An exhibition of two dozen sculptural images has been launched at the Johann Georg Pinsel Museum of Sacred Baroque Sculpture and, according to director of the Lviv Art Gallery Taras Vozniak, it should be seen as a kind of dialog between the genius of the late Baroque and Rococo, who lived and worked in the mid-18th century, and our Modernist contemporary. “Some people may reject this direct ‘collision’ of such different styles, others will give it a think, while others yet will be really delighted,” Vozniak said at the opening of the exhibition and added that the ongoing “dialogic” display was a “trial balloon” before the next exhibition which would involve the Lviv Art Gallery and be held in Antwerp (Belgium) and where the works of Pinsel, Michelangelo Merisi da Caravaggio, and Georges de La Tour would be presented side by side.
Mykhailo Dzyndra (born on November 8, 1921, died on September 8, 2006) was a Modernist painter, graphic artist, and sculptor. He was born in the village of Demnia, located in the Mykolaiv raion of the Lviv oblast. Dzyndra learned the three-dimensional plastic art at the Lviv Industrial Art School, taught by the masterly sculptors Bohdan Mukhin and Ivan Severa. His own creative career started in exile in early 1948, as the sculptor frequently exhibited his works at Ukrainian collective exhibitions in Germany and the US.
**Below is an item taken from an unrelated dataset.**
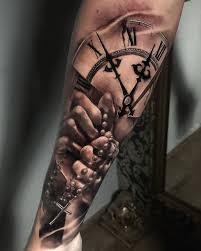 Une gravure avec des signes ésotériques et les signes du zodiaque. 100 Tatouages D Horloge Pour Homme Tatouez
The artist returned to the homeland after independence, and not empty-handed either: he donated all his creative treasure to Ukraine, amounting to over 800 (!) sculptures, and not only them, as he also built a structure to house the museum with an area of 1,409 square meters. Thus, the Dzyndra Museum of Modern Art was opened in Briukhovychi near Lviv as a branch of the Art Gallery. It is cared for by the artist’s widow Sofia Dzyndra. By the way, the Dzyndra Museum is the only museum of modern sculpture in Ukraine, displaying a huge collection of works of abstract art, including sculptures of plastic associations, abstract forms, and relief portraits.
A small bit of Dzyndra’s colossal legacy will be exhibited at the Pinsel Museum until August 31. Meanwhile, those who have grown interested in the work of the Master are welcome to visit the unique museum in Briukhovychi.